Webpage Automation: Search Craigslist.
;***************************************************************************
;**
;** Search Craigslist for an item.
;**
;** Purpose: locate and display craigslist result in IE browser
;** Inputs: starting url, query settings
;** Outputs: displays results in IE browser
;** TO DO: Optionally add code to store the results of to a file
;** Revisions: Deana Falk 2013.10.11
;***************************************************************************
;>search for:
;in:<select id="cAbb" name="catAbbreviation">
;<option value="ccc">all community<option value="eee">all event<option value="sss">all for sale / wanted<option disabled value="">--<option value="art"> art & crafts
;<option value="pts"> auto parts
;<option value="bab"> baby & kid stuff
;<option value="bar"> barter
;<option value="bik"> bicycles
;<option value="boa"> boats
;<option value="bks"> books
;<option value="bfs"> business
;<option value="car"> cars & trucks
;<option value="emd"> cds / dvds / vhs
;<option value="clo"> clothing
;<option value="clt"> collectibles
;<option value="sys"> computers & tech
;<option value="ele"> electronics
;<option value="grd"> farm & garden
;<option value="zip"> free stuff
;<option value="fur"> furniture
;<option value="tag"> games & toys
;<option value="gms"> garage sales
;<option value="for"> general
;<option value="hsh"> household
;<option value="wan"> items wanted
;<option value="jwl"> jewelry
;<option value="mat"> materials
;<option value="mcy" selected> motorcycles/scooters
;<option value="msg"> musical instruments
;<option value="pho"> photo/video
;<option value="rvs"> recreational vehicles
;<option value="spo"> sporting goods
;<option value="tix"> tickets
;<option value="tls"> tools
;<option disabled value="">
;<option value="ggg">all gigs
;<option value="hhh">all housing
;<option value="jjj">all jobs
;<option value="ppp">all personals
;<option value="res">all resume
;<option value="bbb">all services offered</select>
;
Browser = ObjectCreate("InternetExplorer.Application")
browser.visible = @TRUE
;url = 'http://seattle.craigslist.org/mcy/' ;Motorcycle
;url = 'http://seattle.craigslist.org/spo/' ;Sporting goods
url = 'http://seattle.craigslist.org/sss/'
query = "WinBatch Rocks"
browser.navigate(url)
While browser.readystate <> 4
TimeDelay(0.5)
EndWhile
doc = browser.document
form = doc.forms.Item(0)
form.GetElementsByTagName("INPUT").Item(0).Value = query
form.GetElementsByTagName("INPUT").Item(2).Value = 1 ; zoomtoposting ( leave as is )

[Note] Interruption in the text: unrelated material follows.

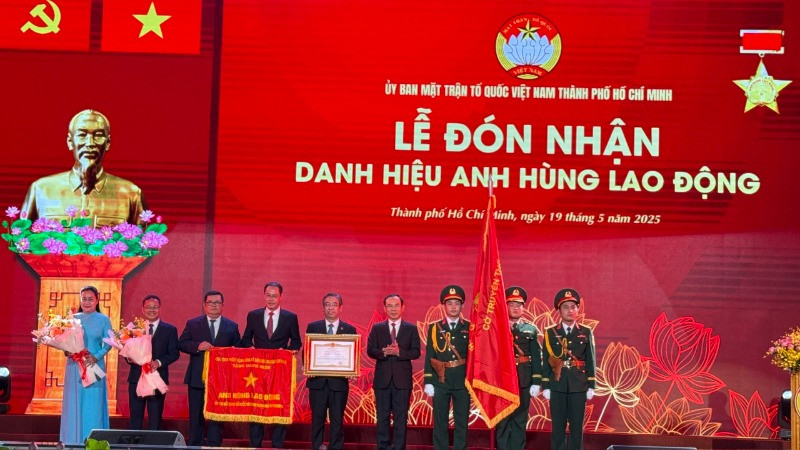 Ủy ban Mặt trận Tổ quốc Việt Nam Thành phố Hồ Chí Minh đón nhận Danh hiệu “Anh hùng Lao động”.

form.GetElementsByTagName("INPUT").Item(3).Value = "1" ; min price
form.GetElementsByTagName("INPUT").Item(4).Value = "500" ; max price
form.GetElementsByTagName("INPUT").Item(5).Value = 1 ; has pic
form.GetElementsByTagName("INPUT").Item(6).Value = 0 ; only titles
; Unfortunately .Click method doesn't work on IE 9 or newer.

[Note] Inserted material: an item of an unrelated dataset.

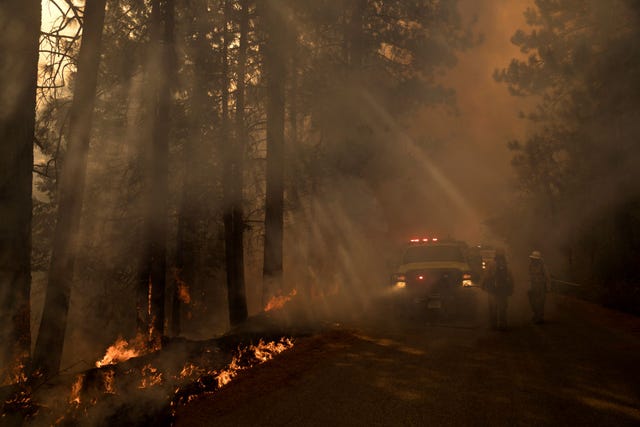 the mosquito fire burns in the sierra nevada mountains forcing thousands to evacuate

; However this method seems to work:
; Reference: http://techsupt.winbatch.com/webcgi/webbatch.exe?techsupt/tsleft.web+WinBatch/OLE~COM~ADO~CDO~ADSI~LDAP/OLE~with~MSIE+IE9~Click~or~Focus~Methods~Fail.txt
objBtn = form.GetElementsByTagName("INPUT").Item(1)
objEvent = browser.document.createEvent("HTMLEvents")
objEvent.initEvent("click", @TRUE, @TRUE)
objBtn.dispatchEvent(objEvent)
While browser.readystate <> 4
TimeDelay(0.5)
EndWhile
Exit
Reference: http://techsupt.winbatch.com/webcgi/webbatch.exe?techsupt/tsleft.web+WinBatch/OLE~COM~ADO~CDO~ADSI~LDAP/OLE~with~MSIE/User~Samples+Search~Craigslist.txt
Deana, you use this format:
doc = browser.document
form = doc.forms.Item(0)
form.GetElementsByTagName("INPUT").Item(0).Value = query
form.GetElementsByTagName("INPUT").Item(2).Value = 1 ; zoomtoposting ( leave as is )
form.GetElementsByTagName("INPUT").Item(3).Value = "1" ; min price
form.GetElementsByTagName("INPUT").Item(4).Value = "500" ; max price
form.GetElementsByTagName("INPUT").Item(5).Value = 1 ; has pic
form.GetElementsByTagName("INPUT").Item(6).Value = 0 ; only titles
I tried this, which seemed to work as well (using the item's name instead of number):
doc = browser.document
form = doc.forms.Item(0)
form.GetElementsByTagName("INPUT").Item("query").Value = query
form.GetElementsByTagName("INPUT").Item(2).Value = 1 ; zoomtoposting ( leave as is )
form.GetElementsByTagName("INPUT").Item("minAsk").Value = "1" ; min price
form.GetElementsByTagName("INPUT").Item("maxAsk").Value = "500" ; max price
The number, instead of string, in the Item() part... is it just ordered sequentially by how the INPUTs appear on the page?
Steven,
Yes. The HTMLCollection returned by GetElementsByTagName is an interface representing a generic collection of elements (in document order). When dealing with HTMLCollections there are different methods and properties for traversing the list.
Properties
- HTMLCollection.length Read only The number of items in the collection.
Methods
- HTMLCollection.Item(index) - Returns the specific node at the given zero-based index into the list. Returns null if the index is out of range.
- HTMLCollection.namedItem(name)Returns the specific node whose ID or name matches the string specified. Matching by name is only done as a last resort, only in HTML, and only if the referenced element supports the name attribute.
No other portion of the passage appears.